Dampak Konflik dan Pergolakan Indonesia tahun 1960-an di Bidang Ekonomi

Konflik yang terjadi di Indonesia antara tahun 1955 sesaat setalah pemilu Indonesia yang pertama dan dekrit presiden sampai tahun 1960-an juga berdampak di bidang ekonomi.

Peristiwa-Peristiwa di Bidang Ekonomi

Pengakuan kedaulatan ternyata belum bisa menyelesaikan perjuangan yang dijalankan bangsa Indonesia. Belanda meninggalkan beban utang luar negeri kita sebesar Rp1,5 miliar dan utang dalam negeri sejumlah Rp2,8 miliar.

Defisit pemerintah waktu itu sejumlah Rp5,1 miliar. Ada beberapa langkah yang diambil oleh pemerintah untuk mengurangi beban tersebut.
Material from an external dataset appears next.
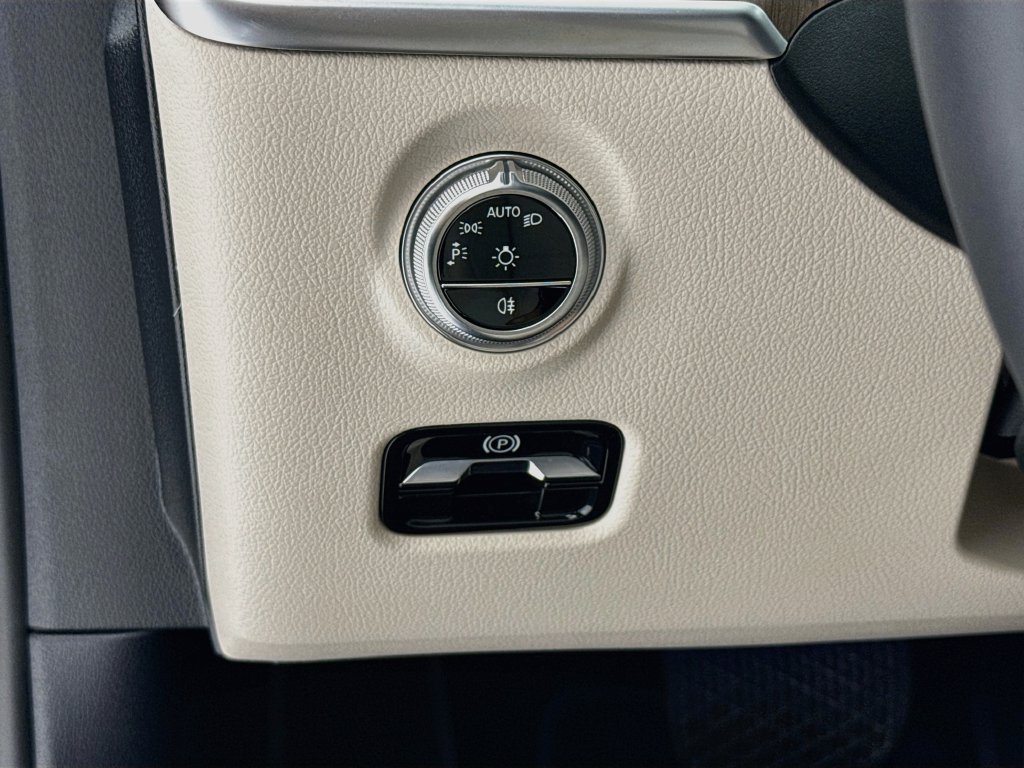 Used 2024 Mercedes-Benz C 300 4MATIC Sedan image 14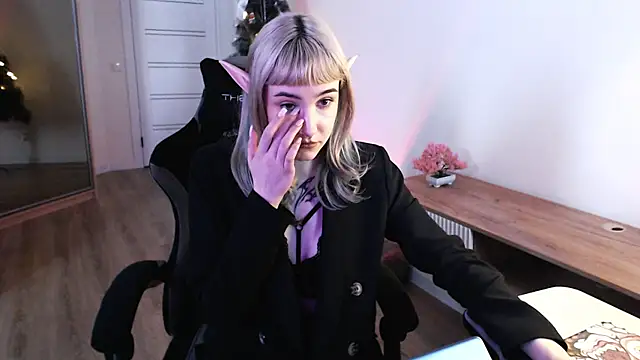 Snapshot of Princess_Shy___ chatting on 10, 2, 2025 Princess Shy online show from 10, 2, 2025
1) Menteri Keuangan Mr. Sjafruddin Prawiranegara mengeluarkan Keputusan Menteri Keuangan Republik Indonesia Serikat Nomor PU I tanggal 19 Maret 1950.

Dengan dasar keputusan ini pemerintahan Kabinet Hatta melaksanakan pengguntingan uang dari nilai Rp5,00 ke atas sehingga nilainya tinggal separuh. Kebijakan ini biasa disebut sanering.

Selanjutnya, pemerintah mengeluarkan Undang-Undang Darurat Nomor 21 Tahun 1950 tentang Pengeluaran Uang Kertas Baru. Kebijakan menteri keuangan itu sendiri menuai banyak kritikan sehingga mendapat sebutan Gunting Sjafruddin.

2) Pemerintah mengajukan pinjaman kepada negara-negara luar. Jumlah yang didapat dari pinjaman wajib sebesar Rp1,6 miliar dan dari negeri Belanda sebesar Rp200.000.000,00. Pinjaman-pinjaman itu bisa digunakan untuk mengurangi defisit.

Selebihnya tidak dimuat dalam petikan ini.